Designed as a portfolio project that demonstrates the intersection of frontend engineering and data analytics: real-world ETL patterns (extract, transform, load) implemented entirely in the browser using Web Workers, virtualised rendering, and reactive state management.
- Features
- Tech Stack
- Architecture
- Data Flow
- Project Structure
- Views
- Transformation Operations
- Analytics & Aggregations
- Performance Design
- Responsive Design
- Getting Started
- Scripts
- Privacy
| Feature | Detail |
|---|---|
| Local-first | No data ever leaves your machine.
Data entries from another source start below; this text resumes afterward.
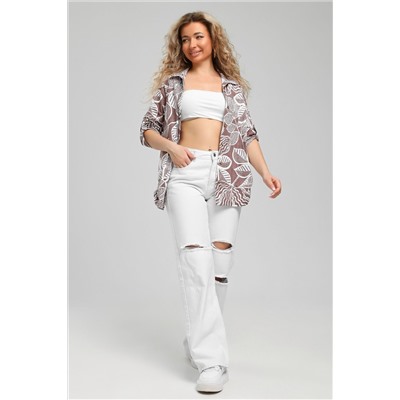 Рубашка 36958 НАТАЛИ, 1190226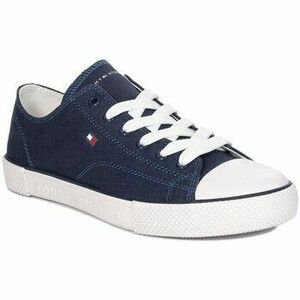 Rövid szárú edzőcipők Tommy Hilfiger T3X90890800 kép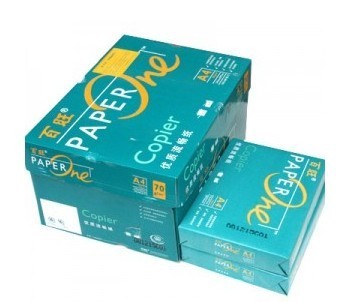 Paperline Copier Paper High Quality 70//75/80g Copy Paper A4 Paper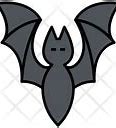 Image result for Bat Icon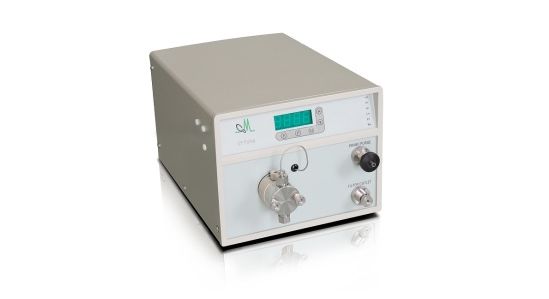 加氢催化剂评价装置好<em>选择</em>康诺CoMetro高压恒流输液泵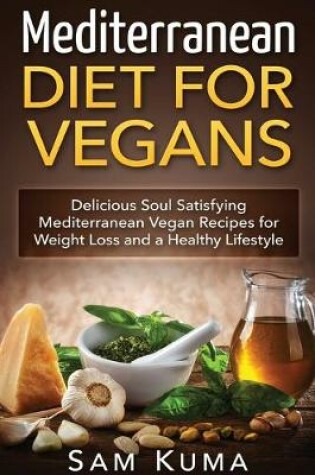 Cover of Mediterranean Diet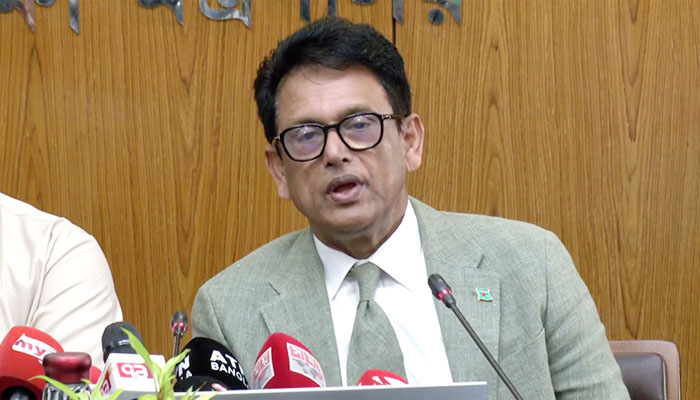 রোজার পর এসএসসি পরীক্ষা, আপাতত পেছানোর পরিকল্পনা নেই: শিক্ষামন্ত্রী রোজার পর এসএসসি পরীক্ষা, আপাতত পেছানোর পরিকল্পনা নেই: শিক্ষামন্ত্রী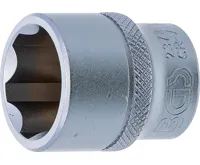 BGS Hlavice nástrčná 3/8" 18.0 mm, Surface Drive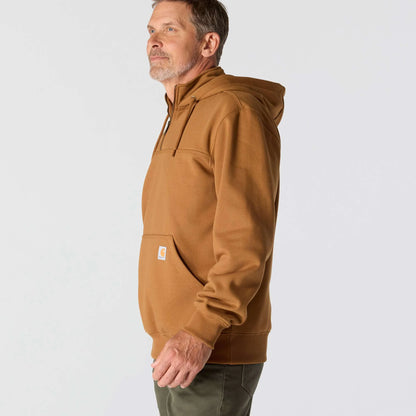 Paxton 1/4-Zip Sweatshirt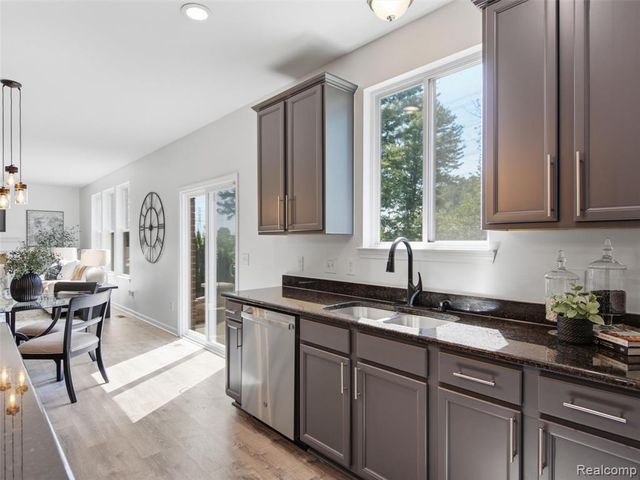 53283 Jaclyn Drive, Shelby Twp, MI 48315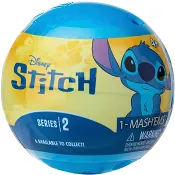 Mashems Stitch serie 2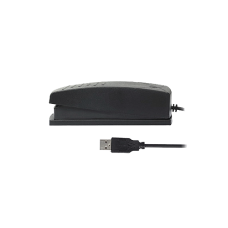 Ножная педаль, подключение по USB к ПК (1 педаль) Ножная педаль, подключение по USB к ПК (1 педаль)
All processing happens entirely in the browser using the File API and Web Worker threads. |
| Web Worker ingestion | CSV and JSON files are parsed off the main thread using a dedicated dataParser.worker.ts and PapaParse, keeping the UI fully interactive during ingestion of files up to 2 GB. Progress messages (row count) stream back to the UI via postMessage. |
| Virtualised grid | 60 FPS scrolling through datasets with 500,000+ rows. TanStack Virtual renders only ~30 DOM rows at a time using absolute positioning; the full virtual scroll height is maintained so the scrollbar behaves correctly. Columns are sortable (click header) and resizable (drag handle). |
| Transformation engine | A second transformer.worker.ts applies data-cleaning operations off the main thread. The original dataset is frozen in the store — a Reset to Original button is always available when rows have been removed. |
| Analytics dashboard | Recharts-powered visualisations: per-column null distribution (bar + pie), top-N value frequency histogram, numeric column distribution histogram with Min/Max/Mean/Median/Std Dev. |
| Live stats bar | A compact stats row above the grid shows live row count, column count, null-cell percentage (colour-coded warning/danger), and rows removed vs the original. |
| CSV export | The current (possibly cleaned) dataset is serialised back to CSV using PapaParse.unparse() and downloaded as a Blob — no server round-trip. |
| Responsive UI | Sidebar collapses to a hamburger-triggered temporary drawer on mobile; all panels and charts reflow gracefully across screen sizes. |
| Layer | Library | Version |
|---|---|---|
| Framework | React + TypeScript (strict) | React 19, TS 6 |
| Build tool | Vite | 8 |
| UI components | MUI (Material Design) | v7 |
| State management | Zustand | v5 |
| Table logic | TanStack Table (headless) | v8 |
| Row virtualisation | TanStack Virtual | v3 |
| CSV parsing & export | PapaParse | v5 |
| File ingestion UI | react-dropzone | v15 |
| Charts | Recharts | v3 |
| Linting | ESLint (strict TS) + Prettier | ESLint 9, Prettier 3 |
┌─────────────────────────────────────────────────────────────────┐
│ Browser — main thread │
│ │
│ React UI │
│ ├── Sidebar / Topbar (layout, navigation) │
│ │ │
│ ├── UploadZone ──────── postMessage({file}) ──────────────▶ │
│ │ dataParser │
│ │ ◀── { type:'progress', loaded } ◀───── .worker.ts │
│ │ ◀── { type:'complete', data, columns } ◀── (PapaParse) │
│ │ │
│ ├── DataGrid ◀──────────── Zustand selector ──────────────── │
│ │ (TanStack Table v8 + TanStack Virtual v3) │
│ │ │
│ ├── TransformPanel ─── postMessage({op, col, data}) ───────▶ │
│ │ transformer │
│ │ ◀── { type:'complete', data, affected } ◀─ .worker.ts │
│ │ (pure fns) │
│ │ │
│ └── AnalyticsPanel ◀─── Zustand + useMemo ────────────────── │
│ (Recharts) (aggregations.ts) │
│ │
│ ┌──────────────────────────────────────────────────────────┐ │
│ │ Zustand Store │ │
│ │ { data, originalData, columns, isLoading, loadingMsg } │ │
│ └──────────────────────────────────────────────────────────┘ │
└─────────────────────────────────────────────────────────────────┘
Why Web Workers for parsing?
Parsing a 500,000-row CSV with PapaParse on the main thread blocks the JavaScript event loop for several seconds, freezing the UI. By offloading to a dedicated worker, the spinner, progress counter, and any other interactions remain fully responsive. The worker sends chunked progress messages as PapaParse streams through the file, giving the UI real-time row-count feedback before the full dataset arrives.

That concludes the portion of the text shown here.